Short text fragments from websites:
*** Block opens ***

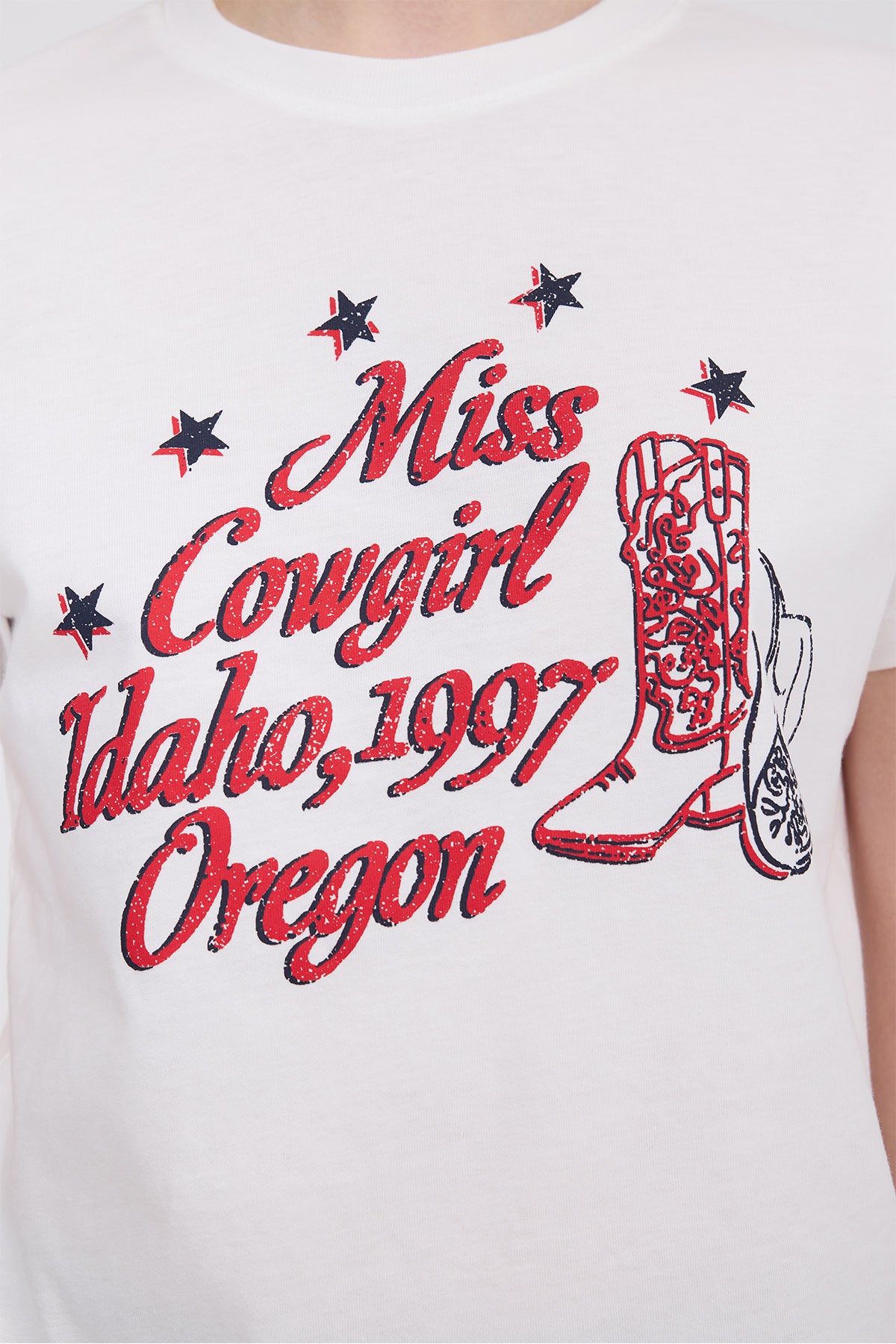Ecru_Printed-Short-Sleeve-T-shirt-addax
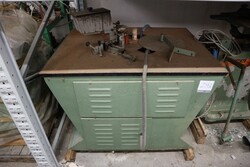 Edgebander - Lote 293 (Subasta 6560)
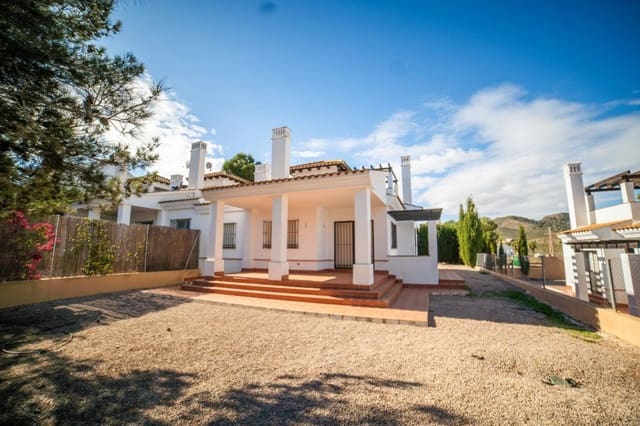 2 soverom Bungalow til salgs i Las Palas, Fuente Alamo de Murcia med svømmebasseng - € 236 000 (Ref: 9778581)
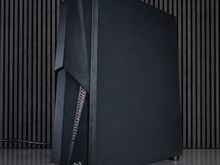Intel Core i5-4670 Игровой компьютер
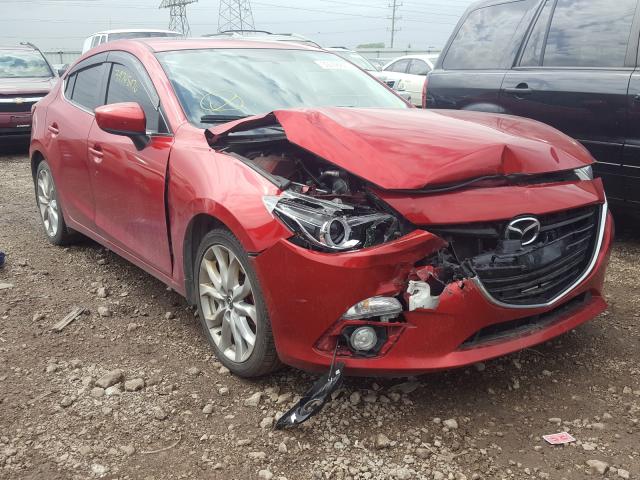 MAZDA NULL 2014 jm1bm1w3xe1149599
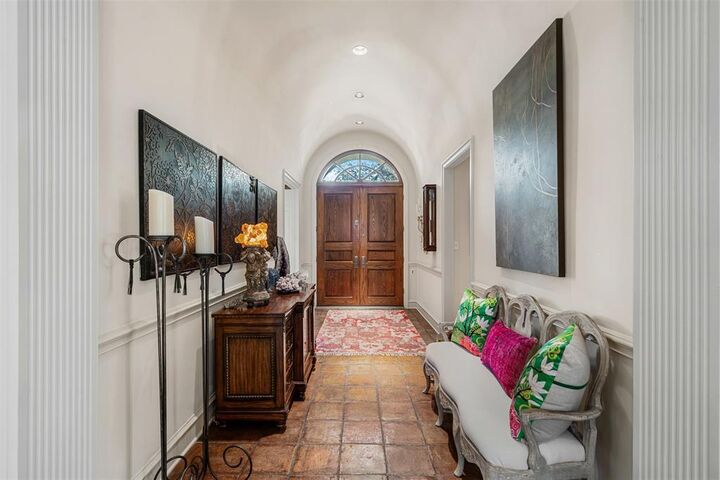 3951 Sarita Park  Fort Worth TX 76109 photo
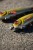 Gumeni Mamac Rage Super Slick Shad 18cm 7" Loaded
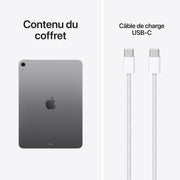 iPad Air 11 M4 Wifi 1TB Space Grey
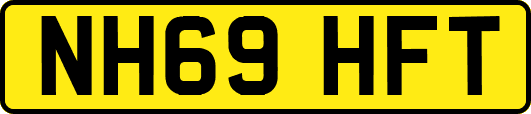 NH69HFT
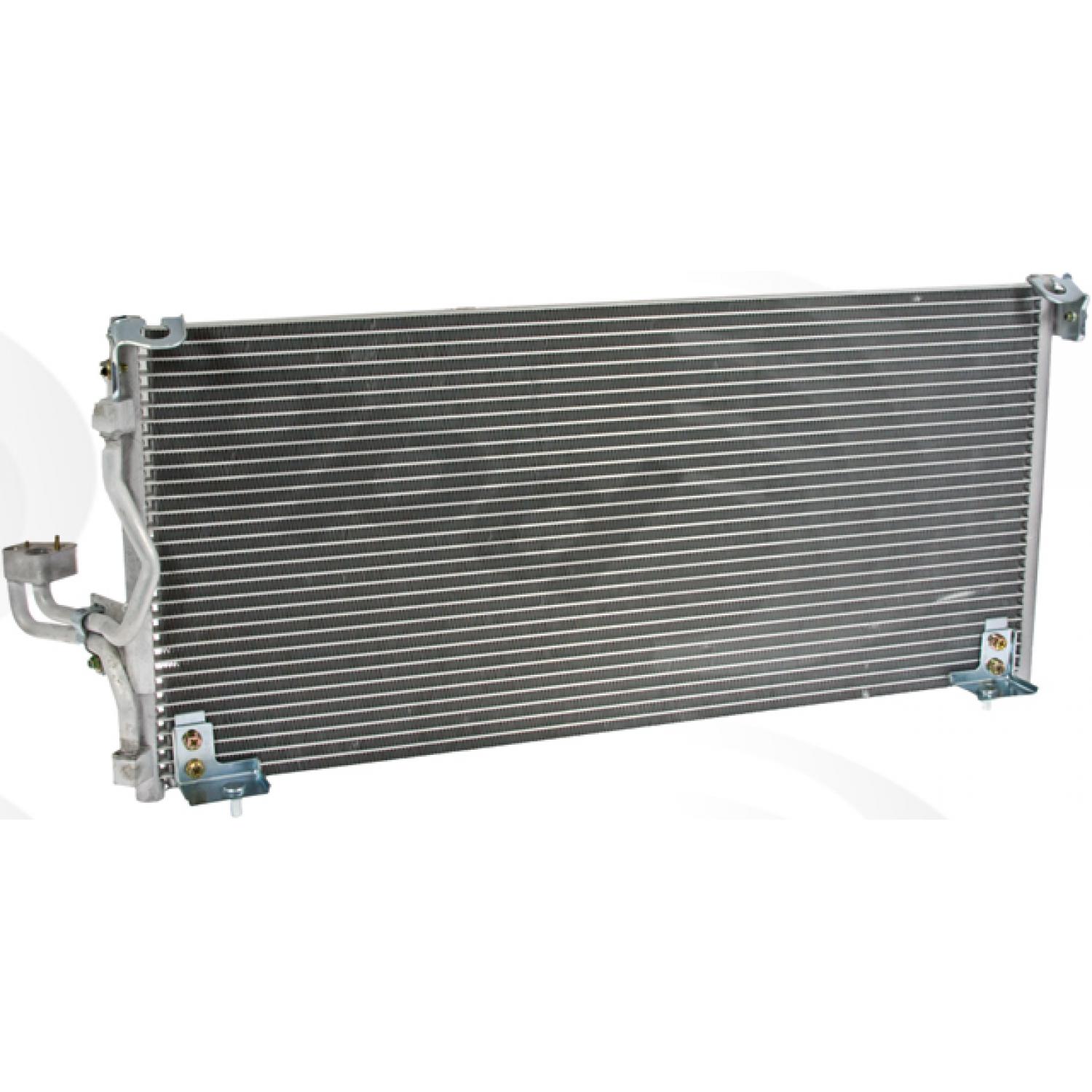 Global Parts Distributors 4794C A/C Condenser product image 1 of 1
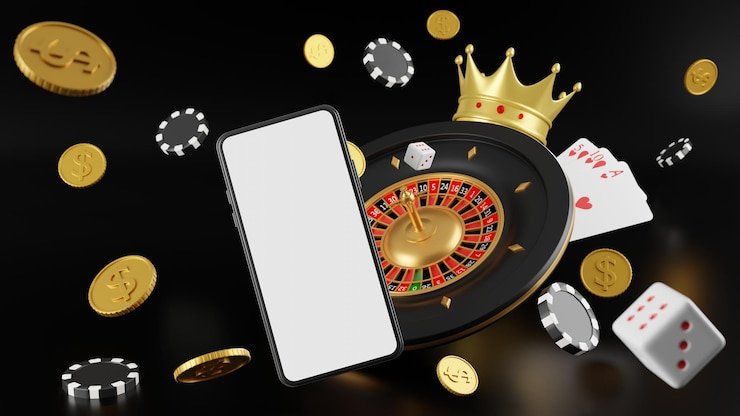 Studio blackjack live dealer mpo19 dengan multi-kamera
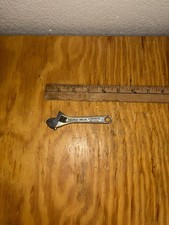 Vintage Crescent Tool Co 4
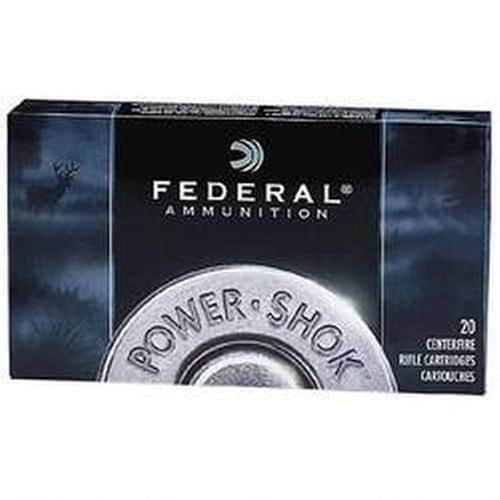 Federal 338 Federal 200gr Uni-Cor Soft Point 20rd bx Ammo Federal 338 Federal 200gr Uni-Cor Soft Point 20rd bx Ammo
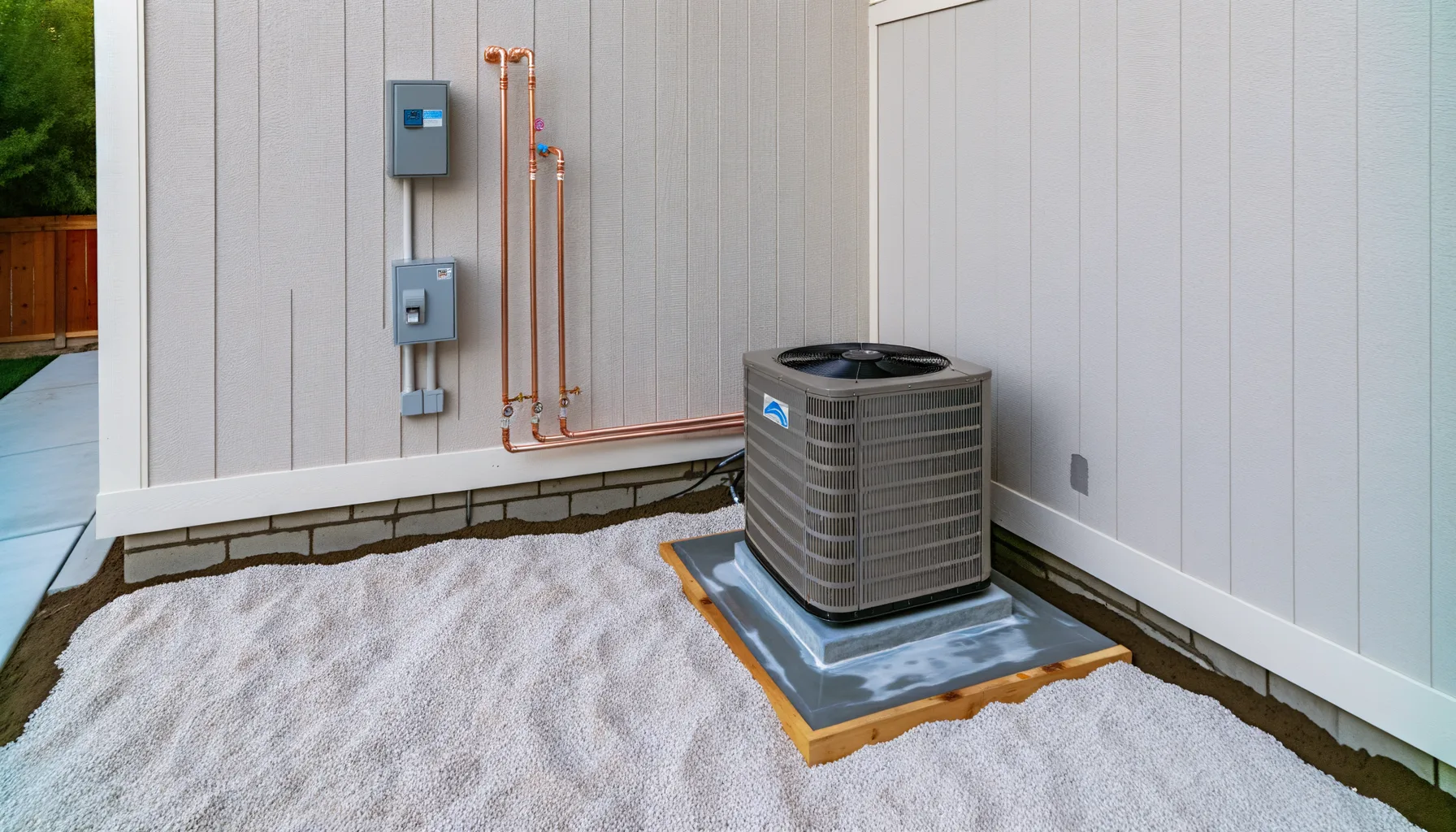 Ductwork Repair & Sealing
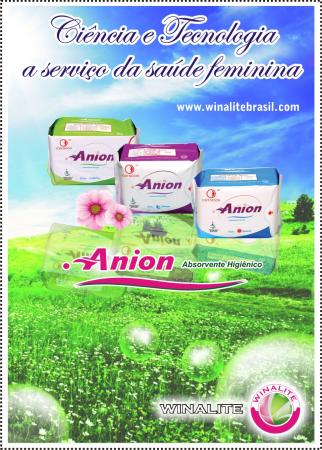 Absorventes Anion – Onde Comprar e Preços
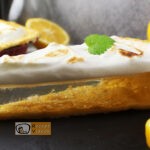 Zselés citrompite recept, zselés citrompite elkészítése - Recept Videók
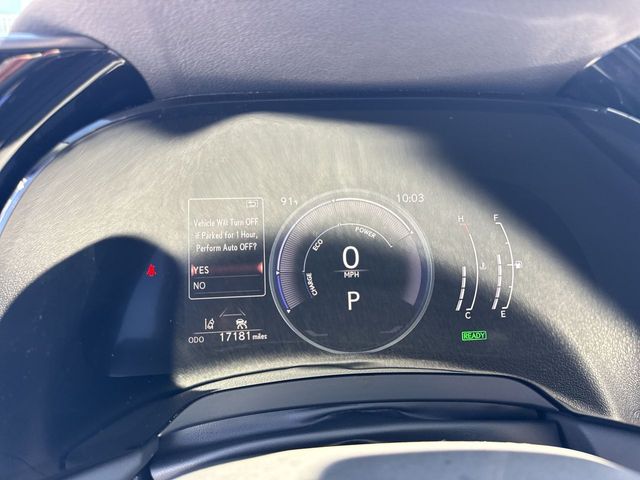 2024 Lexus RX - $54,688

*** Block closes ***

Reproduce every entry above in full and exactly, though not its pictures.

Task solution:
Ecru_Printed-Short-Sleeve-T-shirt-addax
 Edgebander - Lote 293 (Subasta 6560)
 2 soverom Bungalow til salgs i Las Palas, Fuente Alamo de Murcia med svømmebasseng - € 236 000 (Ref: 9778581)
Intel Core i5-4670 Игровой компьютер
 MAZDA NULL 2014 jm1bm1w3xe1149599
 3951 Sarita Park  Fort Worth TX 76109 photo
 Gumeni Mamac Rage Super Slick Shad 18cm 7" Loaded
 iPad Air 11 M4 Wifi 1TB Space Grey
 NH69HFT
 Global Parts Distributors 4794C A/C Condenser product image 1 of 1
 Studio blackjack live dealer mpo19 dengan multi-kamera
 Vintage Crescent Tool Co 4
 Federal 338 Federal 200gr Uni-Cor Soft Point 20rd bx Ammo Federal 338 Federal 200gr Uni-Cor Soft Point 20rd bx Ammo
 Ductwork Repair & Sealing
 Absorventes Anion – Onde Comprar e Preços
 Zselés citrompite recept, zselés citrompite elkészítése - Recept Videók
 2024 Lexus RX - $54,688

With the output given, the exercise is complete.